What is the Chaos Toolkit?

It is an open-source software that runs an experiment against your system to confirm or infirm an hypothesis. Colloquially this refers to the Chaos Engineering Principles.

Why do I need to run experiments?

Systems do not live in a vacuum, they are subjected to real world events, some expected and tolerated, others considered as attacks. Waiting for those conditions arise does not give the time your team needs to handle, learn and adapt to the situation at hand.

In many countries, fire alarm tests are conducted at random in offices so people learn how to react well for the benefit of everyone. Software systems should go through the same exercises. The Chaos Toolkit hopes to make it simple and safe to run experiments like these.

Engaging the team and organisation

Chaos engineering aims at making you learn from your system. This is not a lone activity but a team, potentially the whole organisation, endeavour.
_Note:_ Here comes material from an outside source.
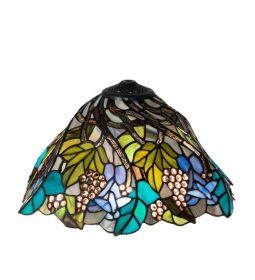 16" Wide Spiral Grape Shade
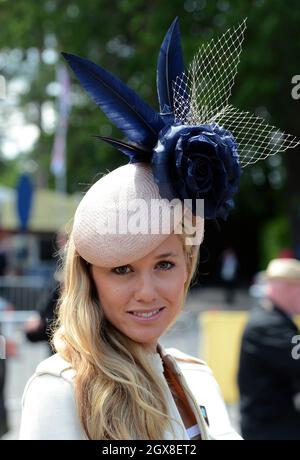 Florence Brudenell-Bruce nimmt am 20. Juni 2012 am zweiten Tag von Royal Ascot Teil Stockfoto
Indeed, a hypothesis you could set the hypothesis “we have been hacked and lost users sensitive data, we should issue a statement we are doing everything to fix the problem within 15mn”. This experiment is not really technical but organisational: is the chain of information and command working effectively?

Isn’t it testing?

We do not consider testing and chaos engineering to conflict with each other. They both provide useful and actionable feedback. Where they differ is their objective.

Testing is a process that aims at telling you if your application, within controlled boundaries, runs as expected.

Chaos engineering is a displine of posing a hypothesis before collecting evidence to reject or accept that hypothesis.

A test is sort of an hypothesis in its own. The difference lies in the experimental approach of the chaos engineering displine. It asks a question and then observe the system to see if we can answer that question positively or negatively.

Incidentaly, some forms of testing are not too dissmilar to a chaos engineering experiment. Say for instance, you run a load testing. Your hypothesis is that response time should not be impacted under load. By running your experiment, you may answer that question.

Isn’t it monitoring?

Much like chaos engineering is not testing, it should not be conflated with monitoring. If anything, chaos engineering strives for good monitoring for it helps observing the system during the experiment.

Monitoring surfaces, informs and may even react to confitions in your system. But this is not answering a question like chaos engineering tries to do.

Why a toolkit?

Currently, running experiments is not an easy task because the ecosystem is still fairly young. Complex cases have been demonstrated at large corporations such as Netflix or LinkedIn. Tools such as ChAP or Simoorg are powerful but quite involved.

The Chaos Toolkit aims at providing a more straightforward initial user experience to gain confidence in doing Chaos Engineering experiments. The simpler it gets the greater our cognitive capacity to understand what is going on.

Ultimately, the Chaos Toolkit should lead you on the path to using richer tools such as those cited above.

What does the Chaos Toolkit do?

The Chaos Toolkit user-interface is a command line that takes a JSON-encoded file describing the experiment to run. It consists of a sequence of activities the toolkit executes in order to produce a final report.

The activities are of two kinds. Probes observe the system at various point of the experiment. Actions interact with the system to change its state. Usually the action represents the hypothesis you are trying to learn from.

Who is behind the Chaos Toolkit?

The effort was initiated by Russ Miles and Sylvain Hellegouarch, two engineers passionate about fluidity in complex systems. However, their vision is really to build a strong community of engineer experiences to feedback into the Chaos Toolkit.

What is the license of the Chaos Toolkit?

Apache 2.0.

How can I contribute?

The Chaos Toolkit welcomes contributors! To help the project, please go to the right project on GitHub and create an issue. If you feel like it, do not hesitate to fork the repository, make a change and submit a pull-request to the upstream project for review.